YOUR INSTRUCTIONS
Reproduce the lines below verbatim. Pictures are to be omitted.

INPUT
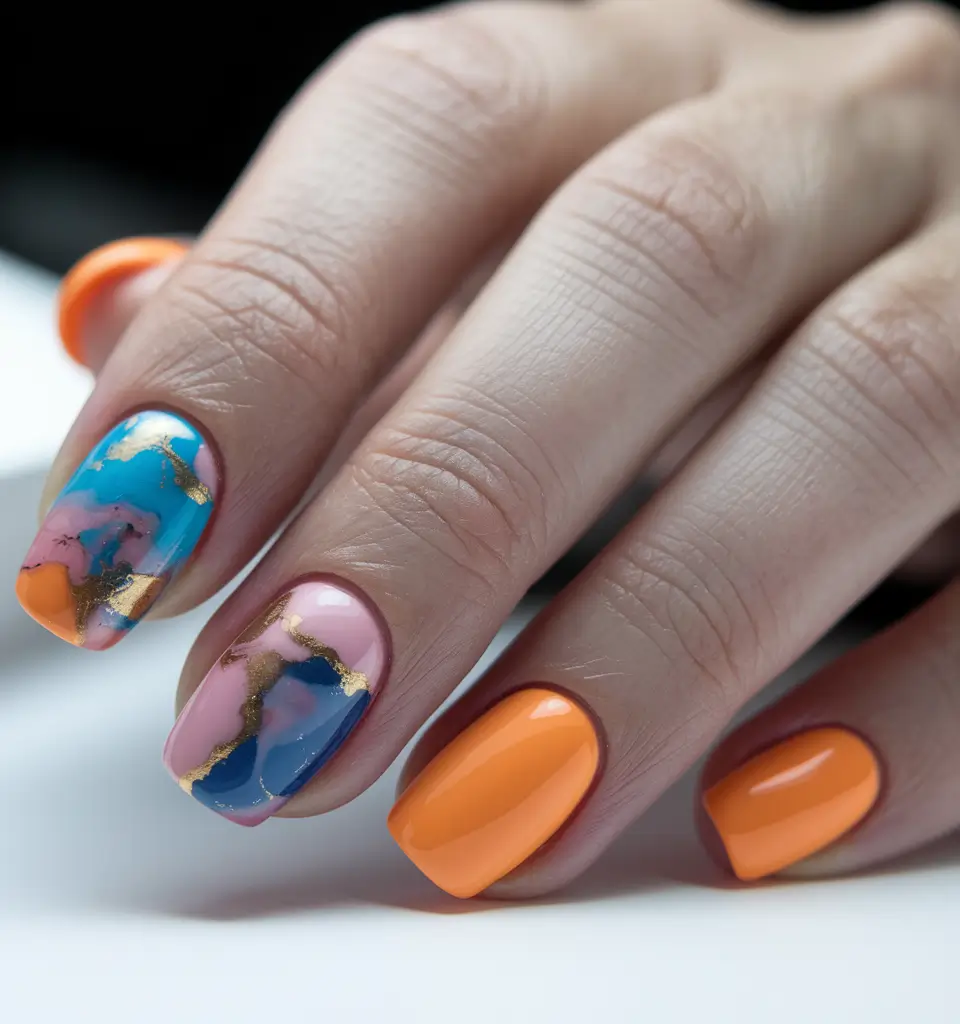 Bold Color Block Nails Fall 2025 Marbled Sunset Mix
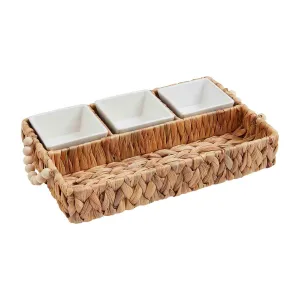 Woven Tray W/ 3 section Dip Set
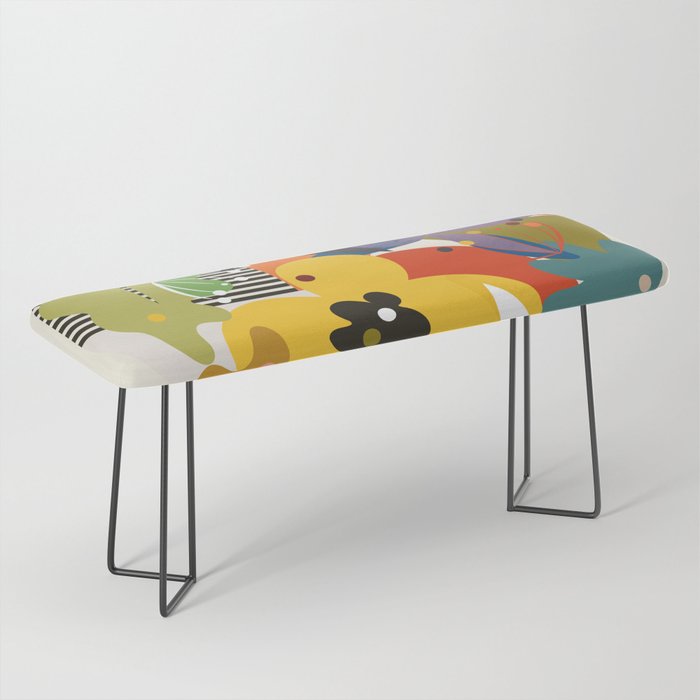 mid century minimal floral Bench Gallery Image 1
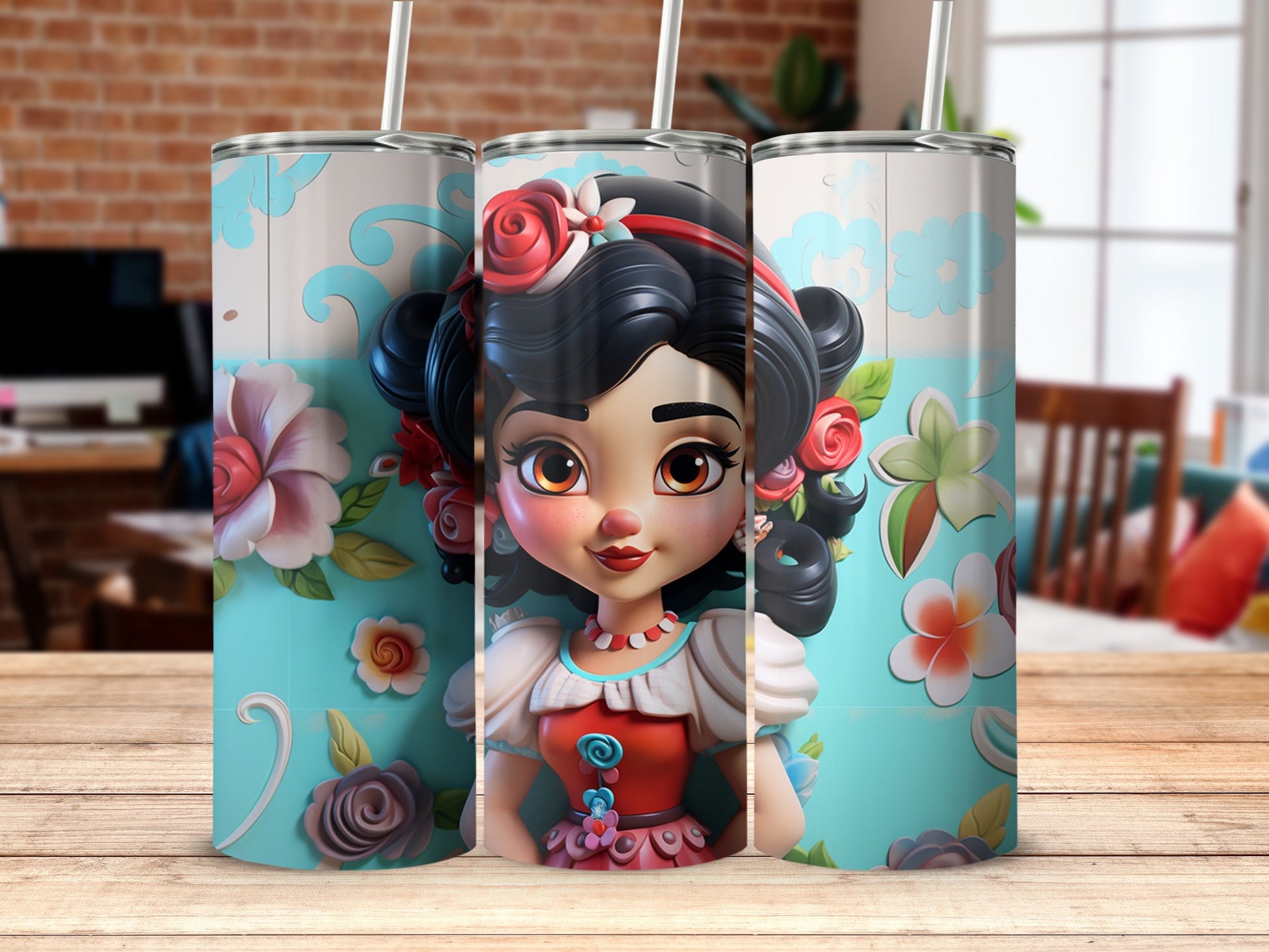 Cute Floral Princess Art Tumbler With Straw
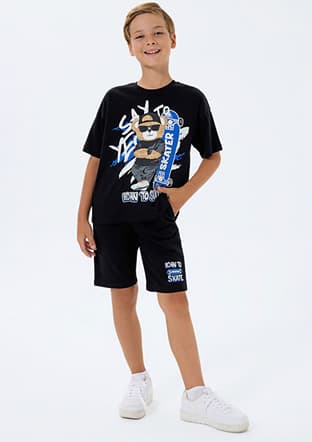 Rp3733-G Erkek Çocuk Siyah Pijama - 1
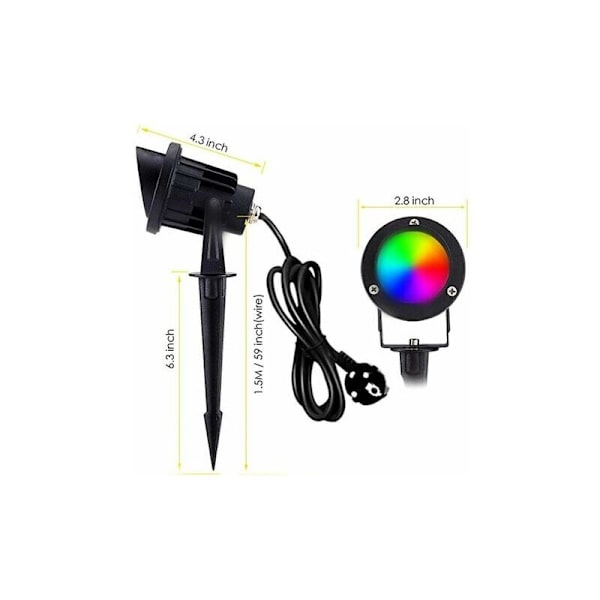 RGB Ulkovalo LED-spotti 10,2m Puutarhavalaisin pistokkeella ulkovalaistus 12v 24w vedenpitävä cob IP65 Puutarhavalaisin, polku-FA6-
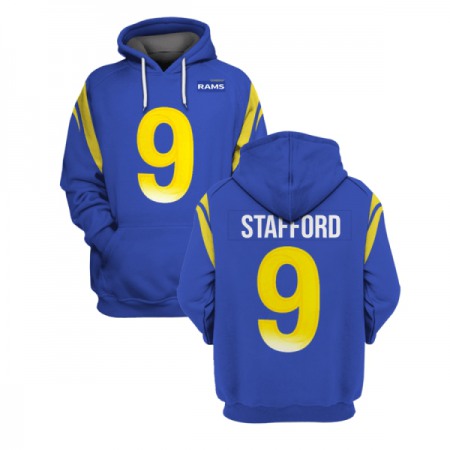 Men's Los Angeles Rams #9 Matthew Stafford 2021 Royal Pullover Hoodie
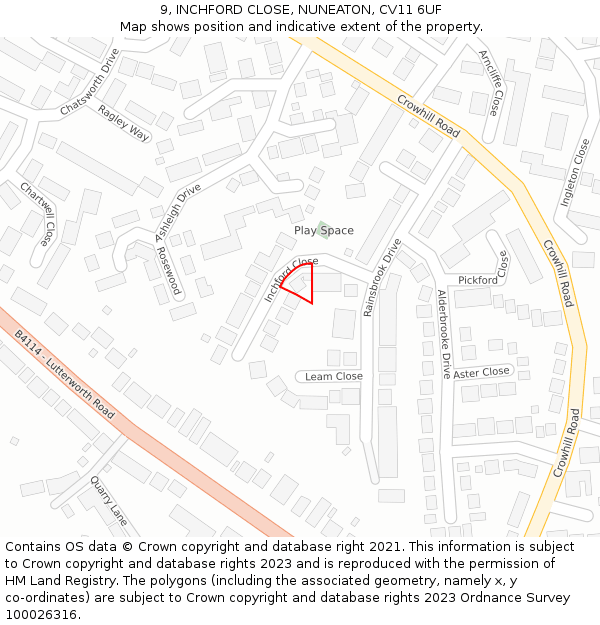 9, INCHFORD CLOSE, NUNEATON, CV11 6UF: Location map and indicative extent of plot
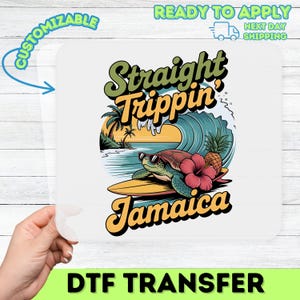 Tropical Vacation DTF Transfer Iron-On - Straight Trippin&#39; Jamaica - Leuke strandschildpadsurfplankkleding voor reizen en vakanties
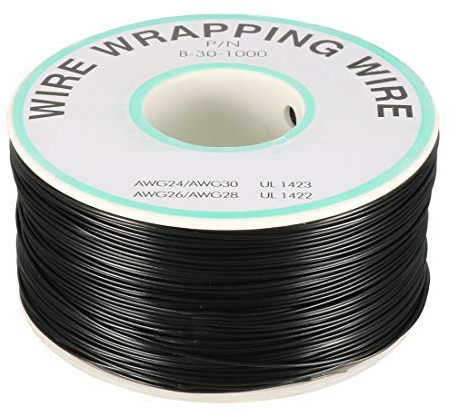 AWG30 656.2FT Breadboard Wrapping Wire PCB Weld PVC Endated Tin Plated Copper Cable, 1 Roll Black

TASK RESULT
 Bold Color Block Nails Fall 2025 Marbled Sunset Mix
 Woven Tray W/ 3 section Dip Set
 mid century minimal floral Bench Gallery Image 1
 Cute Floral Princess Art Tumbler With Straw
 Rp3733-G Erkek Çocuk Siyah Pijama - 1
 RGB Ulkovalo LED-spotti 10,2m Puutarhavalaisin pistokkeella ulkovalaistus 12v 24w vedenpitävä cob IP65 Puutarhavalaisin, polku-FA6-
 Men's Los Angeles Rams #9 Matthew Stafford 2021 Royal Pullover Hoodie
 9, INCHFORD CLOSE, NUNEATON, CV11 6UF: Location map and indicative extent of plot
 Tropical Vacation DTF Transfer Iron-On - Straight Trippin&#39; Jamaica - Leuke strandschildpadsurfplankkleding voor reizen en vakanties
 AWG30 656.2FT Breadboard Wrapping Wire PCB Weld PVC Endated Tin Plated Copper Cable, 1 Roll Black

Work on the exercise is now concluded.